Given the entries that follow, write out exactly the lines starting at the one containing "Kultová videohra Five" and ending at the one containing "5 bedroom detached", both ends included, and only those.

## Input records

####

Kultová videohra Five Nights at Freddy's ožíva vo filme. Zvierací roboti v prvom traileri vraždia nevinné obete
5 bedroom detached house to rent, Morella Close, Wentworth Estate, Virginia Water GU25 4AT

####

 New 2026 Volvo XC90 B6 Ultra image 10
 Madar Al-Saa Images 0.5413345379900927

####

## Problem solution
Kultová videohra Five Nights at Freddy's ožíva vo filme. Zvierací roboti v prvom traileri vraždia nevinné obete
5 bedroom detached house to rent, Morella Close, Wentworth Estate, Virginia Water GU25 4AT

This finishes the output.